На завтрак обычно бывает каша, как правило, рисовая или из мелко перемолотых
Трапеза проходит в полной тишине, даже ложка не звякнет; в конце в миски наливают рисовый отвар. Берёшь палочками кусочек кимчи, начисто вытираешь им посуду, собирая все крошки, и всё выпиваешь. Эту запивку называют «остужающей водой». Рассказывают, что в старину одна девушка воспылала страстью к красавцу-монаху. Сгорая от неразделённой любви, она подсмотрела за ним однажды в дверную щель во время трапезы. Монах вкушал пищу собранно и с достоинством; он выглядел так, будто сошёл с картины, и это ещё сильнее распалило чувства несчастной.

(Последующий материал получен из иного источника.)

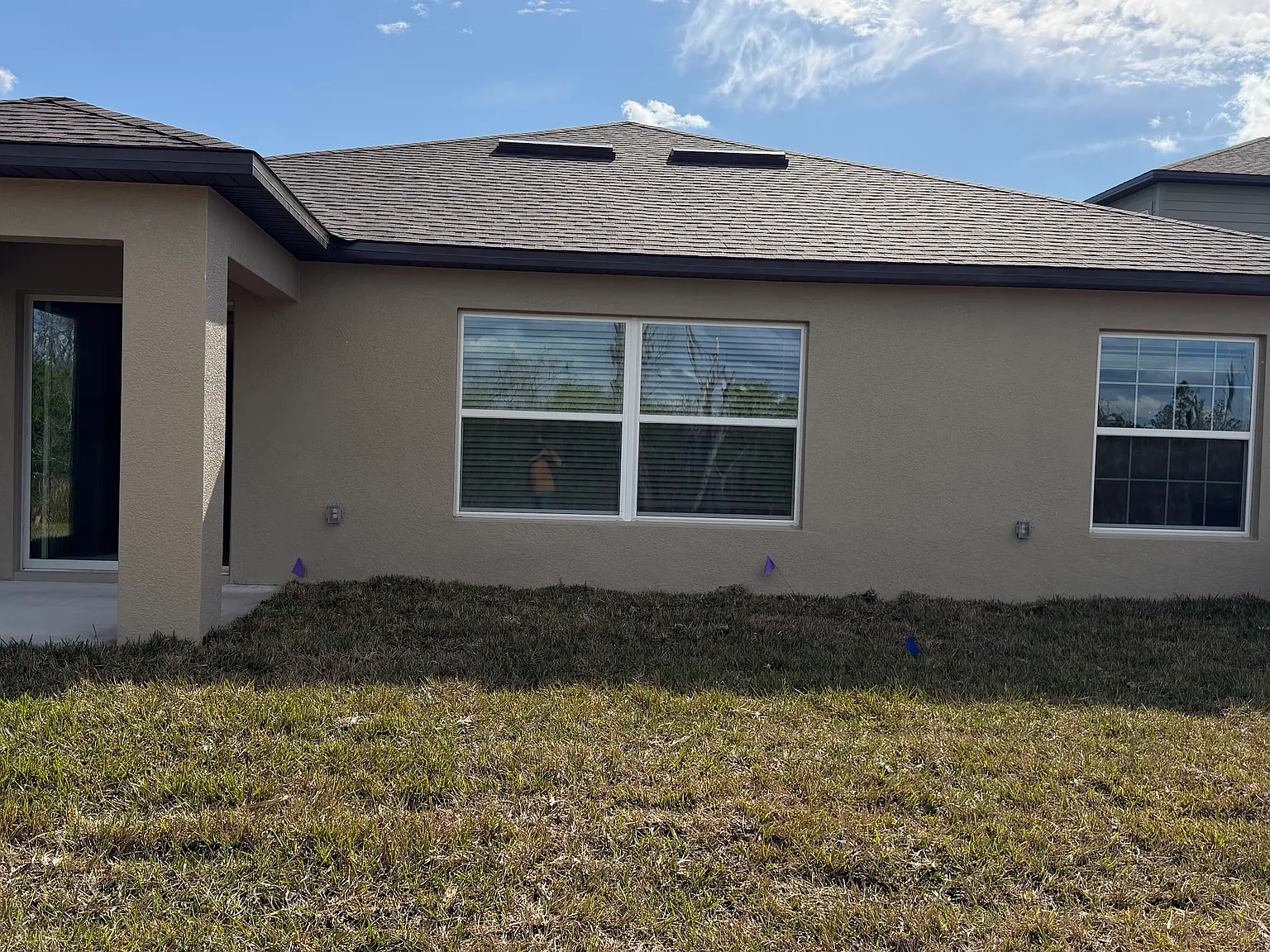 4 bed, 1936 sqft, $2,449 — Photo 3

Покончив с трапезой, монах ополоснул миску водой, после чего залпом её выпил. Говорят, увидев это, девица вмиг к нему охладела, с тех пор её и след простыл. Однако «остужающая вода» не есть что-то грязное. Как могут быть грязными остатки пищи, которую ты только что ел? Очистив таким образом посуду, монахи наливают в миски для риса простую воду, моют палочки и ложки, а потом с ударом чукби по рядам пускают большую чашу. Собранную воду выливают, а оставшиеся на дне крупицы высыпают в кормушку – диким птицам. Ни крошки не пропадает даром.
Затем всю посуду, начиная с чаши для риса, начисто ополаскивают и вытирают белым полотенцем. После этого миски складывают одну в другую в обратном порядке и завязывают в узел.

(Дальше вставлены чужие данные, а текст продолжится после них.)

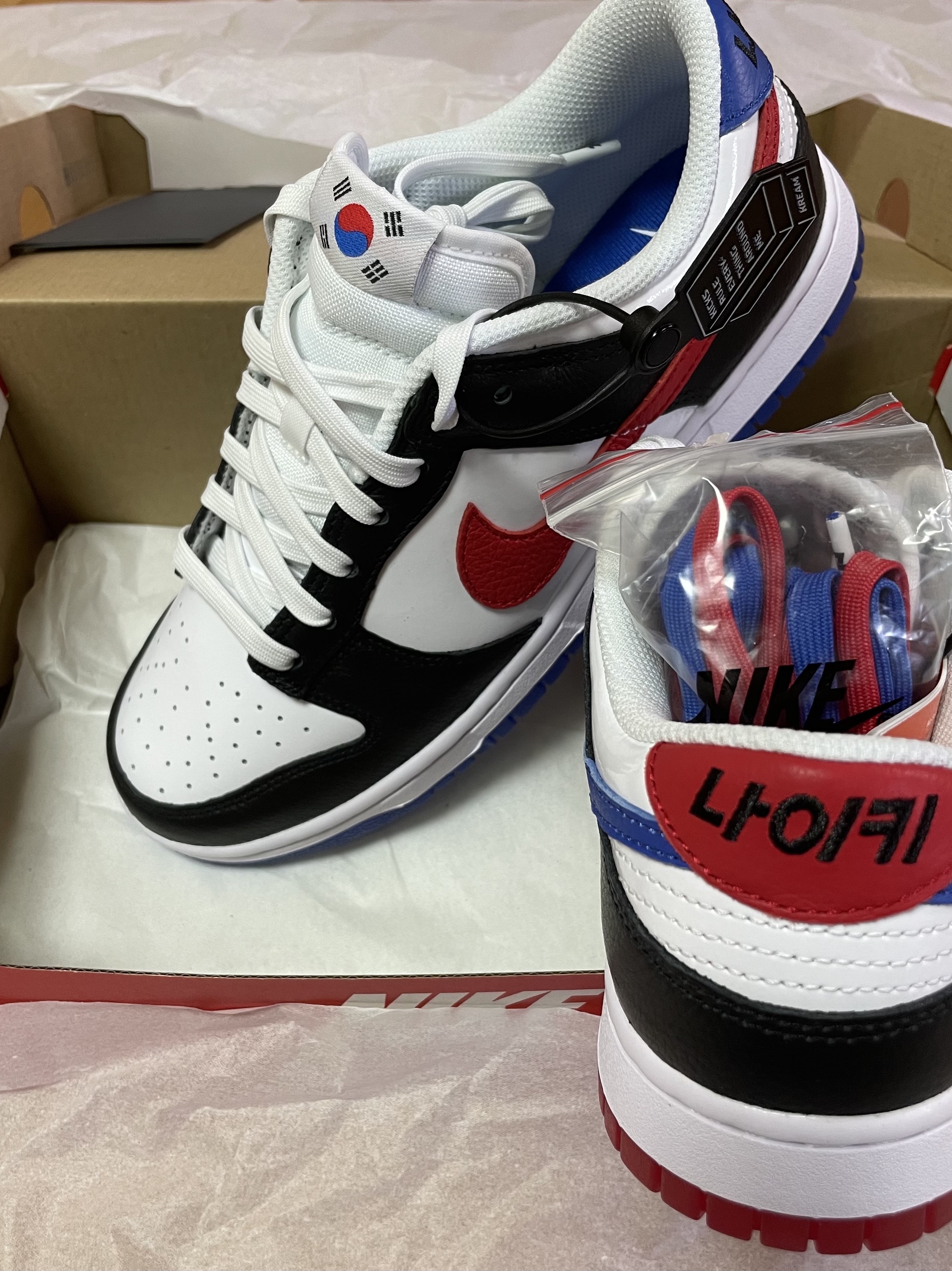 Nike Dunk Low SE Seoul 착용 스타일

За утренней трапезой следует уборка монастырской территории и лёгкая разминка. Потом три часа сидячей медитации, обед, за чаем – беседы о дзене и снова трёхчасовая медитация. Далее прогулка, стирка и прочие дела, ужин и ещё три часа медитации. И вот уже колокол возвещает отход ко сну. Тогда каждый ложится на том же месте, где медитировал, и накрывает подушкой для сидения живот. Такова обычная практика. Существует ещё продвинутая – когда за исключением трёхчасового сна и трапезы всё остальное время посвящается медитации; а также углублённая – когда вовсе не спят.
Той зимой я занимался продвинутой практикой и продержался все три месяца – из чистого упрямства. Из упрямства, граничившего с дерзостью: я решил, что тоже могу стать буддой, что должен им стать… О-о, как же всё тщетно!
– Уразумели? – поторапливал мастер, однако в большом храмовом зале, где собрались две с лишним сотни монахов, стояла мёртвая тишина.
– Уразумели? – снова крикнул он.
В это время сидевший передо мной монах Сугван вдруг поднялся и сквозь толпу направился к помосту. На его шее висела маленькая табличка с надписью «Безмолвие». Мы с ним были ровесниками. Он так яро блюл заповеди, что спешил отвернуться даже от мелькнувшей где-нибудь вдалеке женской тени. Его вера была твёрдой, как алмаз. Старшие монахи любили его и возлагали на него надежды. В пятнадцатый день десятого месяца по лунному календарю, когда община собралась в храме, чтобы обсудить зимний затвор, он вышел и сказал:
– Досточтимые братья! Видно, карма, которую я нажил за прежние жизни, настолько тяжела, что не даёт мне продвинуться в учении. Этот сезон я думаю провести в безмолвии.
После этих слов он больше ни разу не открыл рта, за что его и прозвали безмолвником. Он также получил прозвище «самосожженец»: на его левой руке не осталось ни одного пальца. В день принятия монашеских обетов он расстался с большим пальцем и продолжал взращивать веру, принося таким же образом ежегодную жертву Будде. Каждый раз, глядя на его искалеченную кисть, будто обрубленную каким-то тяжёлым инструментом, я вспоминал, как он обвязывал палец промасленным лоскутом шёлка, поджигал его и, превозмогая боль от горения живой плоти, молился лишь об одном – чтобы достичь буддовости, буддовости. Его исступлённое, сверхмерное благочестие повергало меня в дрожь.
Подойдя к помосту, Сугван сделал три поклона – и вырвал из рук мастера посох. Все взгляды были прикованы к нему. Он снова трижды поклонился, положил посох на помост и вернулся на место. Мастер, который до сих пор сидел не шелохнувшись, покачал головой.